------ Material for this exercise

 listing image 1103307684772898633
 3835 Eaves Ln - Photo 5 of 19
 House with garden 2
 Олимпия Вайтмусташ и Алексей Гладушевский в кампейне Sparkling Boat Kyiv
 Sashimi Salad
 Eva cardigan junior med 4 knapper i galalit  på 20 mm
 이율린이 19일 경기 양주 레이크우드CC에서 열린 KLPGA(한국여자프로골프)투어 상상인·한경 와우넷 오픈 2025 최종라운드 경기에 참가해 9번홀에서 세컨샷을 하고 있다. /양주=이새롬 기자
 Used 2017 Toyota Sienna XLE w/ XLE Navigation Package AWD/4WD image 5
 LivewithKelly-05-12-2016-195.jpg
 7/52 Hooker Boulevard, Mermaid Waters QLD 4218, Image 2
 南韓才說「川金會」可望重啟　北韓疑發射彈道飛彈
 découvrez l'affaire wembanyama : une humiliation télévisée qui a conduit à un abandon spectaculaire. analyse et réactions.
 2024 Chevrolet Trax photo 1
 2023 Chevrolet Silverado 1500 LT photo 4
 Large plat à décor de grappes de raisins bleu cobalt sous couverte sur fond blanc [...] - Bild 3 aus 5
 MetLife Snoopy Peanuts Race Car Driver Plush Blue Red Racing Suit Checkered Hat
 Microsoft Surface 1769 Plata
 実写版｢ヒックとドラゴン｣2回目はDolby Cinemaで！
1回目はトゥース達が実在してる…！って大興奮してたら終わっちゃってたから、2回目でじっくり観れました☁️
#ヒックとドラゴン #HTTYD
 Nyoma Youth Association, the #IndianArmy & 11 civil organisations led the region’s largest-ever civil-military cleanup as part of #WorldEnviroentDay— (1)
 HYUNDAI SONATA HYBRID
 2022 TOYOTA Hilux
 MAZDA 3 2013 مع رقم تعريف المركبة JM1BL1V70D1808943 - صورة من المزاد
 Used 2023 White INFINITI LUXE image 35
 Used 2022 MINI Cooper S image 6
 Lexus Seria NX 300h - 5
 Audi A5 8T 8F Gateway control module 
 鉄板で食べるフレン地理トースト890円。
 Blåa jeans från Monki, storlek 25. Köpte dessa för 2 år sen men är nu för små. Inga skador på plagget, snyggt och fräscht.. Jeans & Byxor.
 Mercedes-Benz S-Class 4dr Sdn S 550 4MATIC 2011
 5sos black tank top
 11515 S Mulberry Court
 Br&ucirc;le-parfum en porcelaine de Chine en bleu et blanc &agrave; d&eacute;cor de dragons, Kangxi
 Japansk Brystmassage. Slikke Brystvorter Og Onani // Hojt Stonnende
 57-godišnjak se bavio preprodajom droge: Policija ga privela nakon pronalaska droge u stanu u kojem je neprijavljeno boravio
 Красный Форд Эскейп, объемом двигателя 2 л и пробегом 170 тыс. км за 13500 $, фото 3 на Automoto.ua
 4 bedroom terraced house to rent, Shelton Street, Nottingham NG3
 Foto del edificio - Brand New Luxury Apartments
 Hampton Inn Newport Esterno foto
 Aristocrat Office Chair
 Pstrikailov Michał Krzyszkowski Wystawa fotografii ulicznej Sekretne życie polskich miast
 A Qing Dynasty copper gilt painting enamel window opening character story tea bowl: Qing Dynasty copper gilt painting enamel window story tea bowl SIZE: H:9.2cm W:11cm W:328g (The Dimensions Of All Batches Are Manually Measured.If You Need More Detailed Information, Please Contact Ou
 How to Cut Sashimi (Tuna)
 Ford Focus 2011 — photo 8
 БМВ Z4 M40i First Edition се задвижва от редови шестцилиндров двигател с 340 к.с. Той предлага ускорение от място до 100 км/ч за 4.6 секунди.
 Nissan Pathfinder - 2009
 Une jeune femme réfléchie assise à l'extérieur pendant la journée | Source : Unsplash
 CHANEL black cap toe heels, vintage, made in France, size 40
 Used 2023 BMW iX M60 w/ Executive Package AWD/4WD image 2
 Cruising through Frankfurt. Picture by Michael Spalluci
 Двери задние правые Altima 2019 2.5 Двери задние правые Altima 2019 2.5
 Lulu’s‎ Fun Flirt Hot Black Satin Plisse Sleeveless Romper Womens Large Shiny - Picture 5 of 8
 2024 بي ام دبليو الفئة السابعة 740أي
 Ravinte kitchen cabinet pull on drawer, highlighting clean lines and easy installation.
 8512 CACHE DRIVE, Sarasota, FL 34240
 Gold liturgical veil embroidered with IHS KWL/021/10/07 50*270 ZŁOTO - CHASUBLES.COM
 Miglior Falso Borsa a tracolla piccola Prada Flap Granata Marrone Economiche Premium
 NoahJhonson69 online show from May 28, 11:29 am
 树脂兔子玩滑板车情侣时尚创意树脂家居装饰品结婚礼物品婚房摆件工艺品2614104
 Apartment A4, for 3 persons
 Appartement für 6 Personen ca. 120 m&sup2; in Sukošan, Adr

------------

What to produce: Every line above that contains the word "ヒックとドラゴン" should be reported.

Task solution:
 実写版｢ヒックとドラゴン｣2回目はDolby Cinemaで！
#ヒックとドラゴン #HTTYD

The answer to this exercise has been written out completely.